问题描述
Given an array of meeting time intervals consisting of start and end times [[s1,e1],[s2,e2],…] (si < ei), find the minimum number of conference rooms required.
Example 1:
Input: [[0, 30],[5, 10],[15, 20]]
Output: 2
Example 2:
Input: [[7,10],[2,4]]
Output: 1
题目链接:
思路分析
给一个存储了会议开始时间和结束时间的数组,问这些会议至少需要几个会议室才能正常召开。
We use a map to store the number of meeting rooms needed. First iteration of vector intervals stores number of meeting rooms needed in a specific time. When a meeting starts, the map’s value add one. When a meeting ends, the map’s value minus one.

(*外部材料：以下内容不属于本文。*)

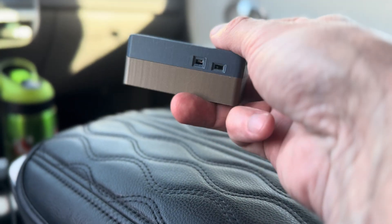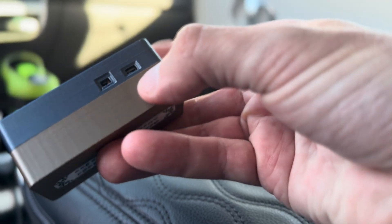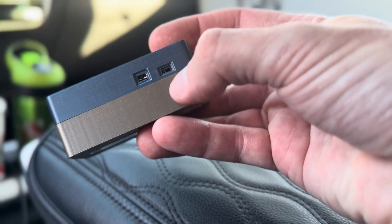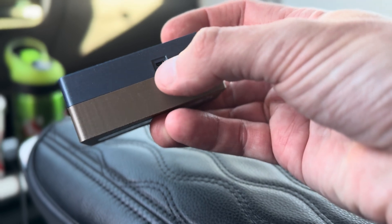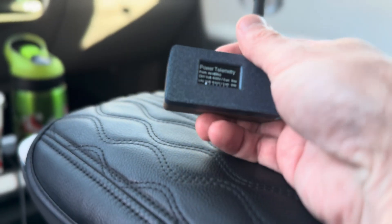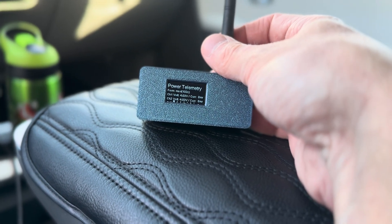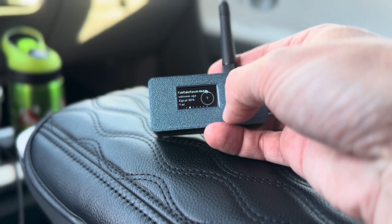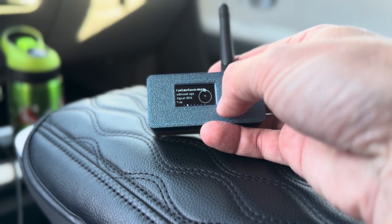It is designed with these inset toggles. This is the toggle for power right here, and this is the reset button right there. It has a slightly smaller than a one-inch screen. I have it set up right now — every 15 seconds it'll switch screens.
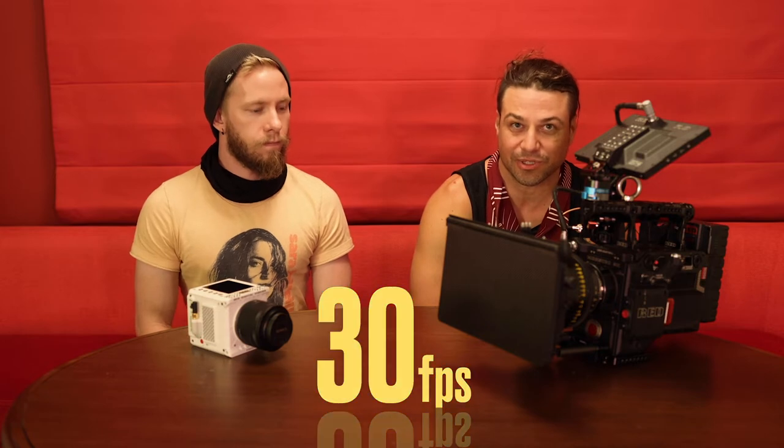We're using Cook S4 lenses that are made for a Super 35 sensor, but this is a full frame sensor. It doesn't really matter because we just chop in a little bit — we're at 5K24 and that covers the S4. We're going a little lower because we want to do 90 frames a second, since it's a broadcast spot, so we're going by 30s instead of 24s.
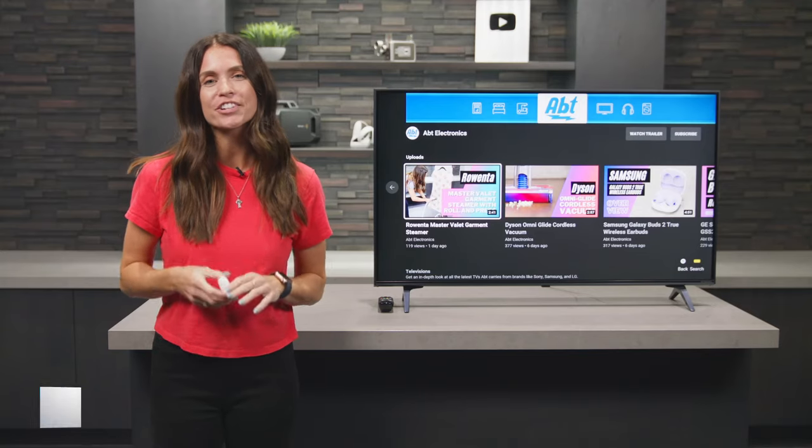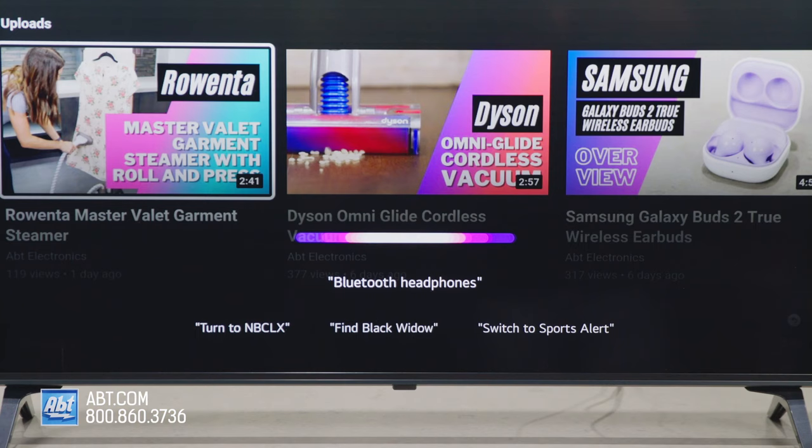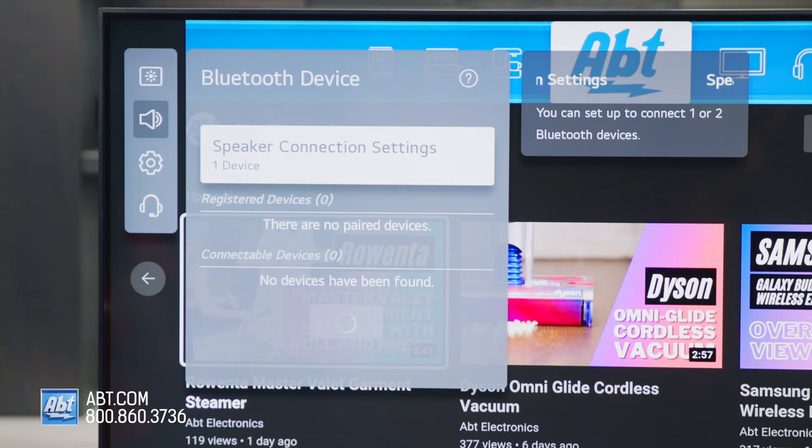Hi everyone, I'm Caitlin and today I'm going to show you two ways to pair your wireless headphones to your LG TV via Bluetooth. The first method is if you have a magic remote. All you're going to do is hold the microphone button down, say 'Bluetooth headphones,' and let go of the button.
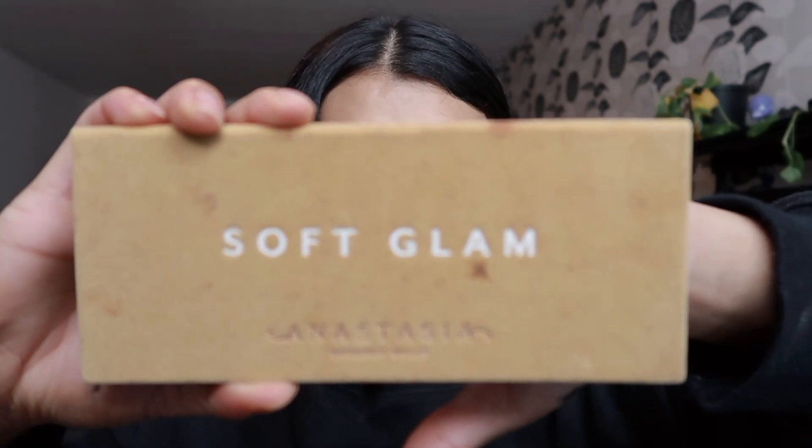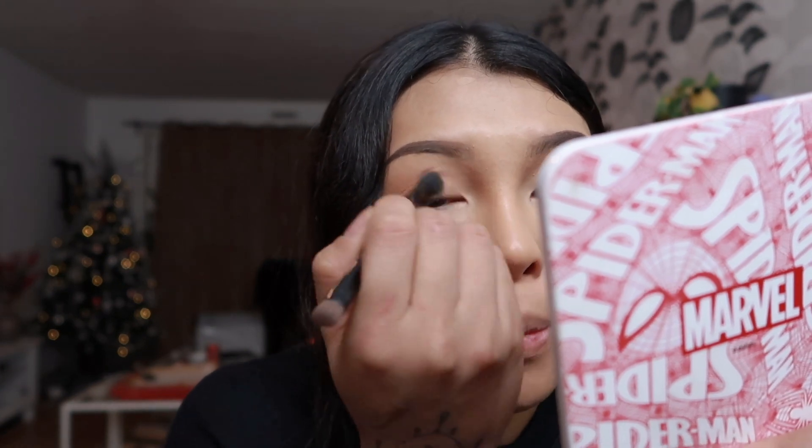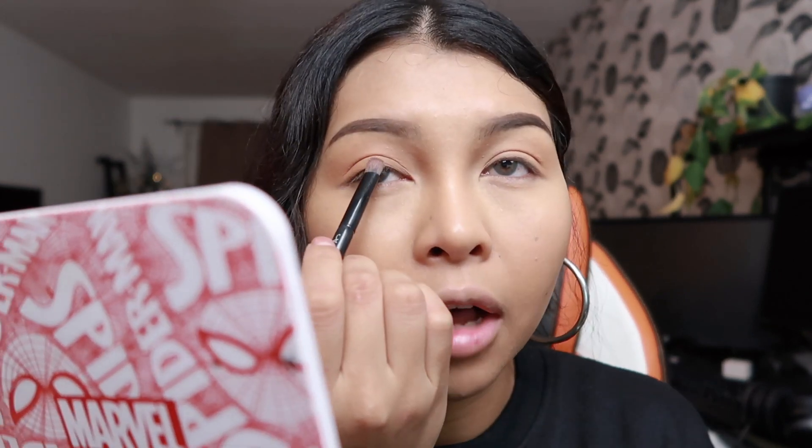I am going to be using the Soft Glam palette from Anastasia Beverly Hills. I'm gonna be using the brush that comes with the palette, the blending end. Today we are going in with orange soda all over the lid — make sure to blend, blend, blend. Then going in with burnt orange just beneath orange soda, applying it on my lid from here to half of the eye, not above the lid, just on the lid, just to make it a little bit darker.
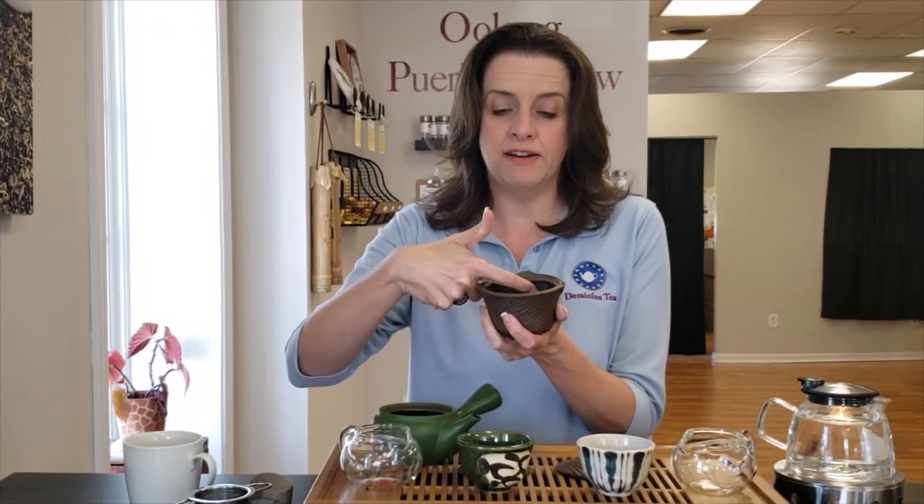Inside of the kyusus, especially the modern ones, you're going to find a very fine metal mesh strainer. That is because Japanese green teas are steamed, not baked like the Chinese, and so that produces a lot of particulate that you actually want to get through and into your cup because it helps with mouthfeel and how the tea tastes.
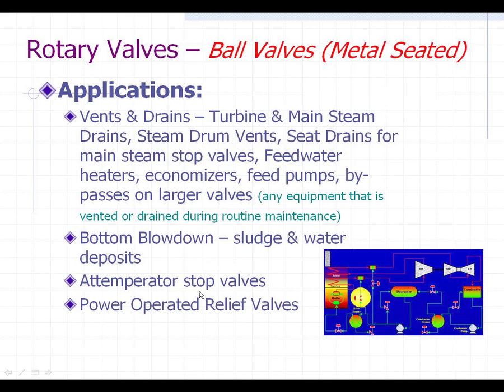You can also use them as temperator stop valves in front of a desuperheater or in front of a spray valve on your temperators. They can also serve as isolation valves on both sides of a control valve, even something as large as a startup or main feed regulator, and they work very well in those applications.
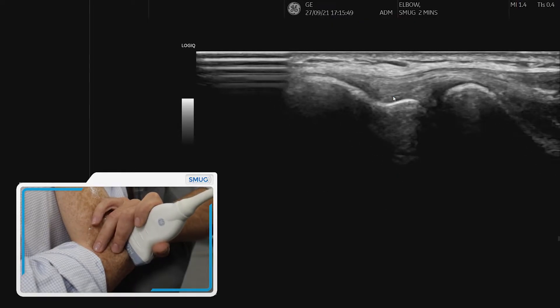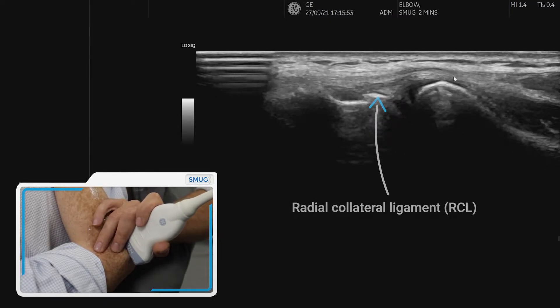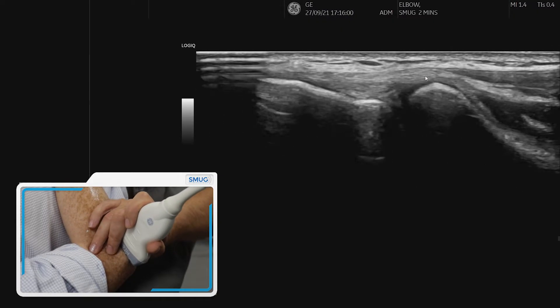And then underneath that we have the radial collateral ligament that joins up with the annular ligament that sits on top of the radial head. Now we want to assess the ECRB specifically.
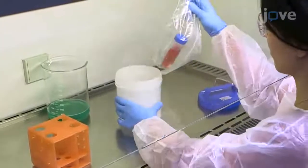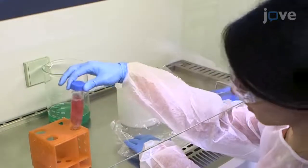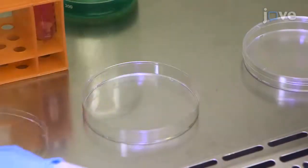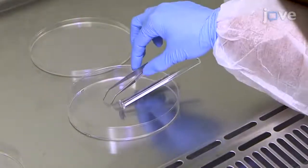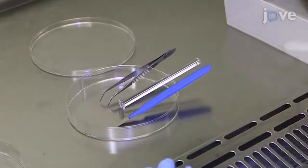Transport the human tonsillar tissue to the laboratory as described in the manuscript text. Next, place a cell strainer onto a 150 by 25 mm culture dish. Place all the dissection instruments in another dish to keep them sterile. All human specimens should be handled with care as they have not been previously qualified and may contain infectious agents.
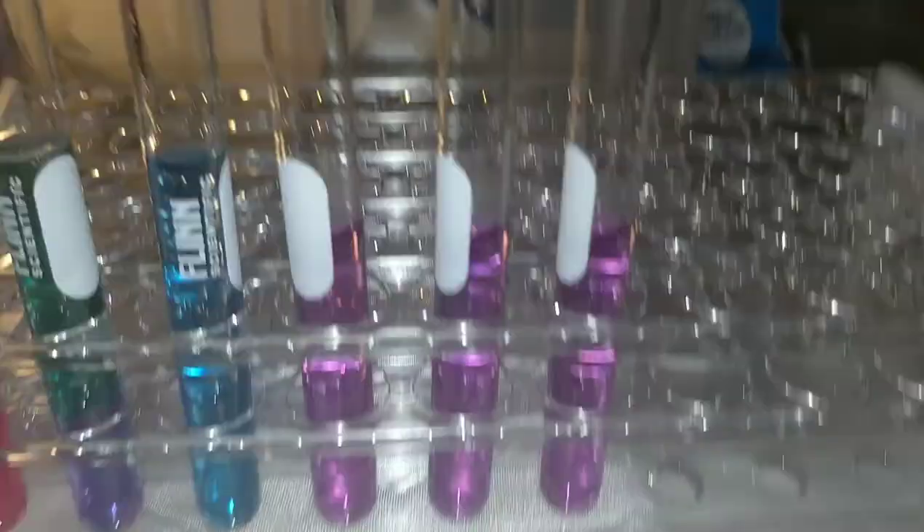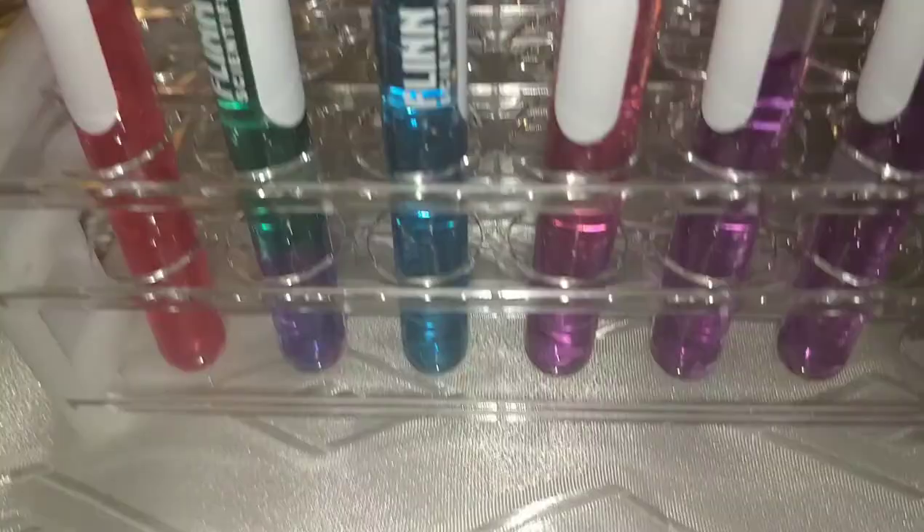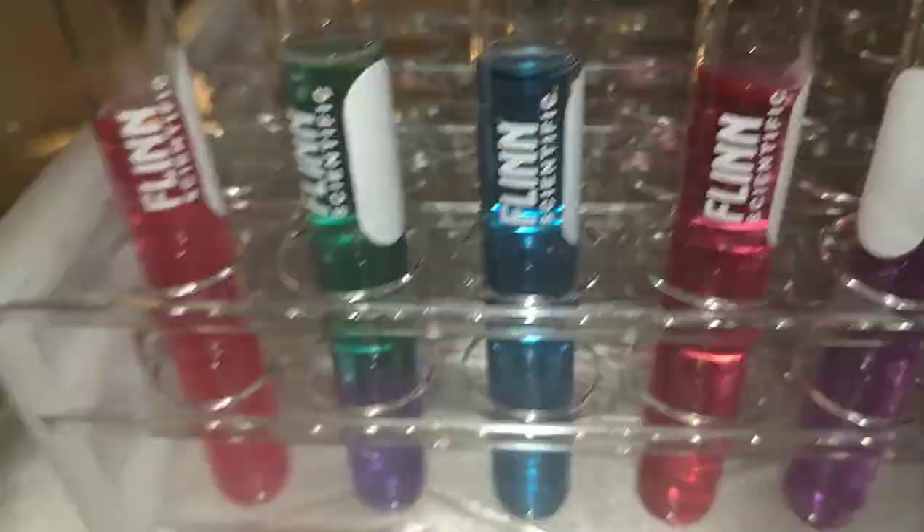Next I'll test the vinegar — one milliliter added. In comparison to our other acidic solution, in real life it looks just a bit less red, more towards the purple side. Let's say it's a darker red or a more purple-red. I'll record it.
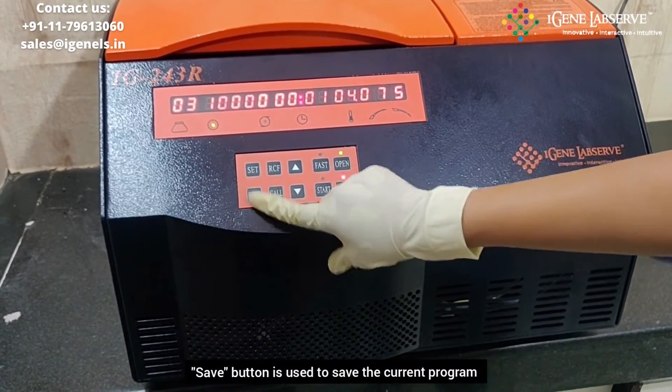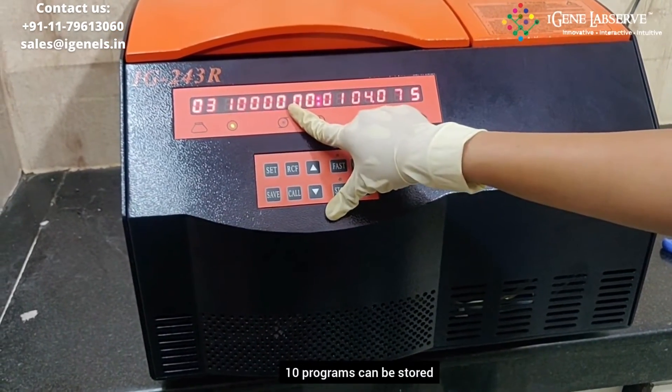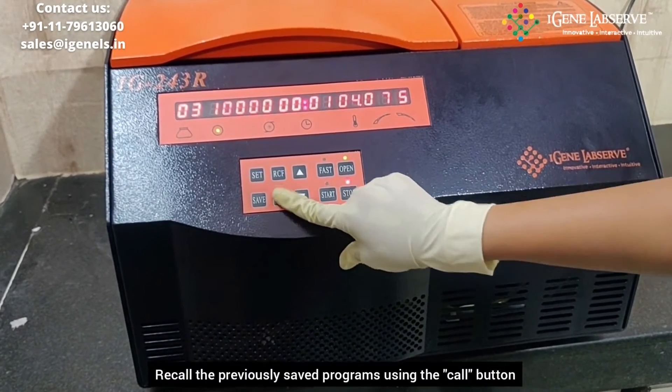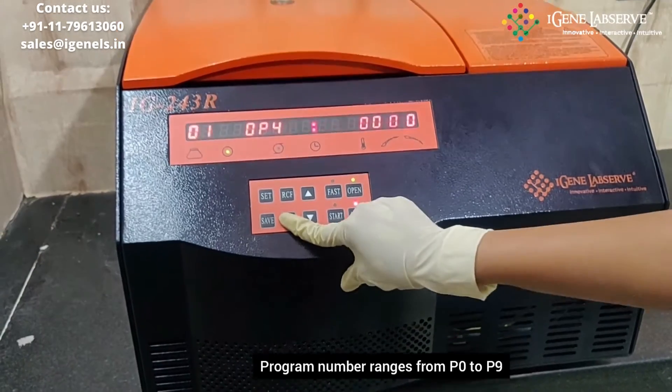This button is for saving the current program. It can store a maximum of 10 programs. To recall the previously saved programs, you have to use the call button. It has programs ranging from P0 to P9.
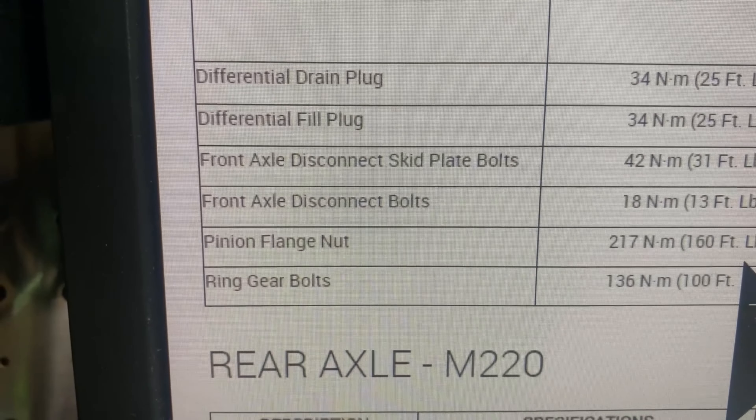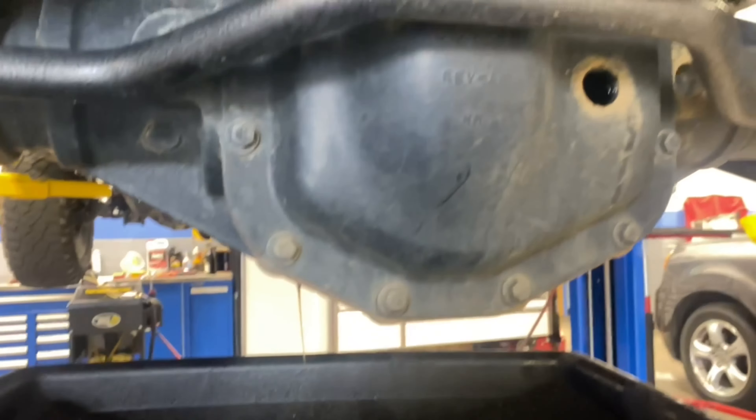This is at 15,000 miles. We're going to start filling a little and let some new fluid run out to wash off the drain area. The drain bolt does have a pickup magnet on it, so make sure you clean that off and put it back in the right spot.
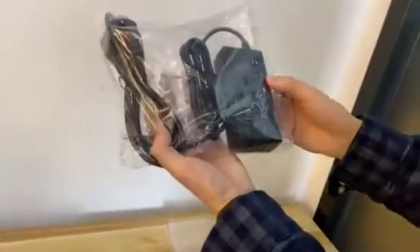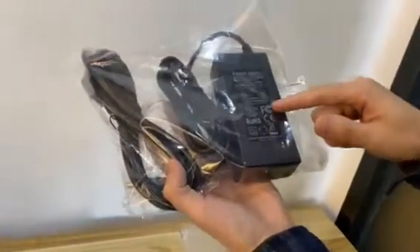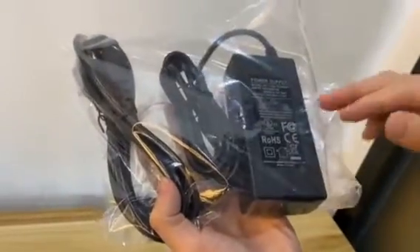Here we have a power adapter — that's the top power adapter. It comes with CE, RoHS, FCC, and UL certifications — all the certificates are covered. This one is a 12V 3A power adapter.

Then in the second iteration, we iterate the map, the initial value of rooms is zero. In a specific time point, just simply add the map’s value. If at that time one or multiple new meetings start, rooms number would add the same number. Then comparing this value with the max rooms number, we could get the final result.
代码
/**
* Definition for an interval.
* struct Interval {
* int start;
* int end;
* Interval() : start(0), end(0) {}
* Interval(int s, int e) : start(s), end(e) {}
* };
*/
class Solution {
public:
int minMeetingRooms(vector<Interval>& intervals) {
map<int, int> roomChanges;
for (auto i : intervals){
roomChanges[i.start] += 1;
roomChanges[i.end] -= 1;
}
int rooms = 0, maxRoom = 0;
for (auto change : roomChanges){
rooms += change.second;
maxRoom = max(maxRoom, rooms);
}
return maxRoom;
}
};
时间复杂度:O(n)
空间复杂度:O(n)
反思
很巧妙的把握住了整体的思想,不计较每次的变化。